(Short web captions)
BEGIN

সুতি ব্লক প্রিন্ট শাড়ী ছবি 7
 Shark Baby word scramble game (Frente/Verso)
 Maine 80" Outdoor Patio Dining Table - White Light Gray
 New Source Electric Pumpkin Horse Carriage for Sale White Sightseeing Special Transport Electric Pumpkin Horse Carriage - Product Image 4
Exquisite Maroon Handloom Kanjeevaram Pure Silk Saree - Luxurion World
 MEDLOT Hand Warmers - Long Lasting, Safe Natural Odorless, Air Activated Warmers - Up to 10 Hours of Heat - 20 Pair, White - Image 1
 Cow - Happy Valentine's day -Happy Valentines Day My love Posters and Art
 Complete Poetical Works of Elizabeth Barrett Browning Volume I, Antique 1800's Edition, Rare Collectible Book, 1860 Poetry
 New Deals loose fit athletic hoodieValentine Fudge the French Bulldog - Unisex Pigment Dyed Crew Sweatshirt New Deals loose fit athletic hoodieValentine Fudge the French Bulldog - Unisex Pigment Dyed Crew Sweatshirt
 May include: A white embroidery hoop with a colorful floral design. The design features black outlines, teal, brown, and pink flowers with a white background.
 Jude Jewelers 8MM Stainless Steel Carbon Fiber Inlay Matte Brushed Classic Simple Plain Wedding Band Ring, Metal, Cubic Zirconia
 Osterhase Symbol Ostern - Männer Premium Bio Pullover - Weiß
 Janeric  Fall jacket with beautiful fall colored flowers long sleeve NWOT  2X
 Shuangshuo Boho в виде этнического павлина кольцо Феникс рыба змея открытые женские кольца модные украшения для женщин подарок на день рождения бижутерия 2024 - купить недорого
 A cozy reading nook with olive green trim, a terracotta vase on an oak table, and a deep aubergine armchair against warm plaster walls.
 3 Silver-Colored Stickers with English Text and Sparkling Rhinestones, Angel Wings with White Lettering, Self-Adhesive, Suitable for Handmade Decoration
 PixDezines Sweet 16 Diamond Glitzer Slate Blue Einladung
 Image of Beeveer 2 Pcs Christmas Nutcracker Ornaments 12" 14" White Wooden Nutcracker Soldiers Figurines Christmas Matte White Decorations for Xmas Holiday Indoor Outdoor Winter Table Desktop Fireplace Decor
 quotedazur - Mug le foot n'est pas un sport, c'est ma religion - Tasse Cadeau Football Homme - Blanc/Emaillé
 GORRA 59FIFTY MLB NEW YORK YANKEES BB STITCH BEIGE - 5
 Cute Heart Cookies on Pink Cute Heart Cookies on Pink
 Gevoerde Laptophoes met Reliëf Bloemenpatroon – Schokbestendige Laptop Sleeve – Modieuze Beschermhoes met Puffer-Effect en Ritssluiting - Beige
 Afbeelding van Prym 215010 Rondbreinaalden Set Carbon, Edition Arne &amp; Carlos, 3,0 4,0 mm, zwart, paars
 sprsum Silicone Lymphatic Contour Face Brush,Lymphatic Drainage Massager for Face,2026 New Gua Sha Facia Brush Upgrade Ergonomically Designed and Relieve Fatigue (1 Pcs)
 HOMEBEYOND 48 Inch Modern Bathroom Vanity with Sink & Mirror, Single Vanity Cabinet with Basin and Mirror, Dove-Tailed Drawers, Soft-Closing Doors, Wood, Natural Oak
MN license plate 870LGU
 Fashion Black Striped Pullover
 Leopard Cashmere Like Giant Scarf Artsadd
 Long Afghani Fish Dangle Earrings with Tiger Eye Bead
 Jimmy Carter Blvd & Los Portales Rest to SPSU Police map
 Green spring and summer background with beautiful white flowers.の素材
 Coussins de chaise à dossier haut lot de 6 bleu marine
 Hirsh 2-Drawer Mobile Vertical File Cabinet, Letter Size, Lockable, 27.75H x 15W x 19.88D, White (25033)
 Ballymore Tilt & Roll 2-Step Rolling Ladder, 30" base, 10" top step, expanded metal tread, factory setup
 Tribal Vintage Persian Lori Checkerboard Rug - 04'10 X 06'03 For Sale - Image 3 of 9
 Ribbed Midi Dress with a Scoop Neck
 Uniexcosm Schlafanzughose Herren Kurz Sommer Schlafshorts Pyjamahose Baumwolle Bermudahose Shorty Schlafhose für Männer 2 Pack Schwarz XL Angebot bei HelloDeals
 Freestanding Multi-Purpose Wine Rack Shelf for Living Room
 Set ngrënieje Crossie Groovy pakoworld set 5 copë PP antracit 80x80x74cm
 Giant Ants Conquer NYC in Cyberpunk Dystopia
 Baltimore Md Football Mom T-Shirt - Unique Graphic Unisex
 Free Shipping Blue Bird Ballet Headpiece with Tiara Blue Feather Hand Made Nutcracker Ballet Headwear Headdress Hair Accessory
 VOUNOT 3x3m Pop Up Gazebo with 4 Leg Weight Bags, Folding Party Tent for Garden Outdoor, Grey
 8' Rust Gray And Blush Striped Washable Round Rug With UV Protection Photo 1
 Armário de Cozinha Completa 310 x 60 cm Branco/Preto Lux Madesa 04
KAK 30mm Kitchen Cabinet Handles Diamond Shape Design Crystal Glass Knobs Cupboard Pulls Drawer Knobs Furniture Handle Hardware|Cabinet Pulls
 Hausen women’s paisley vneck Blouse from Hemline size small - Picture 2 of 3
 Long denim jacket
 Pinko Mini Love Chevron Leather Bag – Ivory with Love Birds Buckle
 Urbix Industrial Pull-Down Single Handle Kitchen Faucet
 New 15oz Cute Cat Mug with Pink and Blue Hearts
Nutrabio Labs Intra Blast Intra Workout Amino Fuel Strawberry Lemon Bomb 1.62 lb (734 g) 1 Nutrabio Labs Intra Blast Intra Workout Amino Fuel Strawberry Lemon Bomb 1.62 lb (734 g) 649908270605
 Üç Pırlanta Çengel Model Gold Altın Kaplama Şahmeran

END

### WHAT THE TASK ASKS
Quote all of the entries verbatim.

### FINAL ANSWER
সুতি ব্লক প্রিন্ট শাড়ী ছবি 7
 Shark Baby word scramble game (Frente/Verso)
 Maine 80" Outdoor Patio Dining Table - White Light Gray
 New Source Electric Pumpkin Horse Carriage for Sale White Sightseeing Special Transport Electric Pumpkin Horse Carriage - Product Image 4
Exquisite Maroon Handloom Kanjeevaram Pure Silk Saree - Luxurion World
 MEDLOT Hand Warmers - Long Lasting, Safe Natural Odorless, Air Activated Warmers - Up to 10 Hours of Heat - 20 Pair, White - Image 1
 Cow - Happy Valentine's day -Happy Valentines Day My love Posters and Art
 Complete Poetical Works of Elizabeth Barrett Browning Volume I, Antique 1800's Edition, Rare Collectible Book, 1860 Poetry
 New Deals loose fit athletic hoodieValentine Fudge the French Bulldog - Unisex Pigment Dyed Crew Sweatshirt New Deals loose fit athletic hoodieValentine Fudge the French Bulldog - Unisex Pigment Dyed Crew Sweatshirt
 May include: A white embroidery hoop with a colorful floral design. The design features black outlines, teal, brown, and pink flowers with a white background.
 Jude Jewelers 8MM Stainless Steel Carbon Fiber Inlay Matte Brushed Classic Simple Plain Wedding Band Ring, Metal, Cubic Zirconia
 Osterhase Symbol Ostern - Männer Premium Bio Pullover - Weiß
 Janeric  Fall jacket with beautiful fall colored flowers long sleeve NWOT  2X
 Shuangshuo Boho в виде этнического павлина кольцо Феникс рыба змея открытые женские кольца модные украшения для женщин подарок на день рождения бижутерия 2024 - купить недорого
 A cozy reading nook with olive green trim, a terracotta vase on an oak table, and a deep aubergine armchair against warm plaster walls.
 3 Silver-Colored Stickers with English Text and Sparkling Rhinestones, Angel Wings with White Lettering, Self-Adhesive, Suitable for Handmade Decoration
 PixDezines Sweet 16 Diamond Glitzer Slate Blue Einladung
 Image of Beeveer 2 Pcs Christmas Nutcracker Ornaments 12" 14" White Wooden Nutcracker Soldiers Figurines Christmas Matte White Decorations for Xmas Holiday Indoor Outdoor Winter Table Desktop Fireplace Decor
 quotedazur - Mug le foot n'est pas un sport, c'est ma religion - Tasse Cadeau Football Homme - Blanc/Emaillé
 GORRA 59FIFTY MLB NEW YORK YANKEES BB STITCH BEIGE - 5
 Cute Heart Cookies on Pink Cute Heart Cookies on Pink
 Gevoerde Laptophoes met Reliëf Bloemenpatroon – Schokbestendige Laptop Sleeve – Modieuze Beschermhoes met Puffer-Effect en Ritssluiting - Beige
 Afbeelding van Prym 215010 Rondbreinaalden Set Carbon, Edition Arne &amp; Carlos, 3,0 4,0 mm, zwart, paars
 sprsum Silicone Lymphatic Contour Face Brush,Lymphatic Drainage Massager for Face,2026 New Gua Sha Facia Brush Upgrade Ergonomically Designed and Relieve Fatigue (1 Pcs)
 HOMEBEYOND 48 Inch Modern Bathroom Vanity with Sink & Mirror, Single Vanity Cabinet with Basin and Mirror, Dove-Tailed Drawers, Soft-Closing Doors, Wood, Natural Oak
MN license plate 870LGU
 Fashion Black Striped Pullover
 Leopard Cashmere Like Giant Scarf Artsadd
 Long Afghani Fish Dangle Earrings with Tiger Eye Bead
 Jimmy Carter Blvd & Los Portales Rest to SPSU Police map
 Green spring and summer background with beautiful white flowers.の素材
 Coussins de chaise à dossier haut lot de 6 bleu marine
 Hirsh 2-Drawer Mobile Vertical File Cabinet, Letter Size, Lockable, 27.75H x 15W x 19.88D, White (25033)
 Ballymore Tilt & Roll 2-Step Rolling Ladder, 30" base, 10" top step, expanded metal tread, factory setup
 Tribal Vintage Persian Lori Checkerboard Rug - 04'10 X 06'03 For Sale - Image 3 of 9
 Ribbed Midi Dress with a Scoop Neck
 Uniexcosm Schlafanzughose Herren Kurz Sommer Schlafshorts Pyjamahose Baumwolle Bermudahose Shorty Schlafhose für Männer 2 Pack Schwarz XL Angebot bei HelloDeals
 Freestanding Multi-Purpose Wine Rack Shelf for Living Room
 Set ngrënieje Crossie Groovy pakoworld set 5 copë PP antracit 80x80x74cm
 Giant Ants Conquer NYC in Cyberpunk Dystopia
 Baltimore Md Football Mom T-Shirt - Unique Graphic Unisex
 Free Shipping Blue Bird Ballet Headpiece with Tiara Blue Feather Hand Made Nutcracker Ballet Headwear Headdress Hair Accessory
 VOUNOT 3x3m Pop Up Gazebo with 4 Leg Weight Bags, Folding Party Tent for Garden Outdoor, Grey
 8' Rust Gray And Blush Striped Washable Round Rug With UV Protection Photo 1
 Armário de Cozinha Completa 310 x 60 cm Branco/Preto Lux Madesa 04
KAK 30mm Kitchen Cabinet Handles Diamond Shape Design Crystal Glass Knobs Cupboard Pulls Drawer Knobs Furniture Handle Hardware|Cabinet Pulls
 Hausen women’s paisley vneck Blouse from Hemline size small - Picture 2 of 3
 Long denim jacket
 Pinko Mini Love Chevron Leather Bag – Ivory with Love Birds Buckle
 Urbix Industrial Pull-Down Single Handle Kitchen Faucet
 New 15oz Cute Cat Mug with Pink and Blue Hearts
Nutrabio Labs Intra Blast Intra Workout Amino Fuel Strawberry Lemon Bomb 1.62 lb (734 g) 1 Nutrabio Labs Intra Blast Intra Workout Amino Fuel Strawberry Lemon Bomb 1.62 lb (734 g) 649908270605
 Üç Pırlanta Çengel Model Gold Altın Kaplama Şahmeran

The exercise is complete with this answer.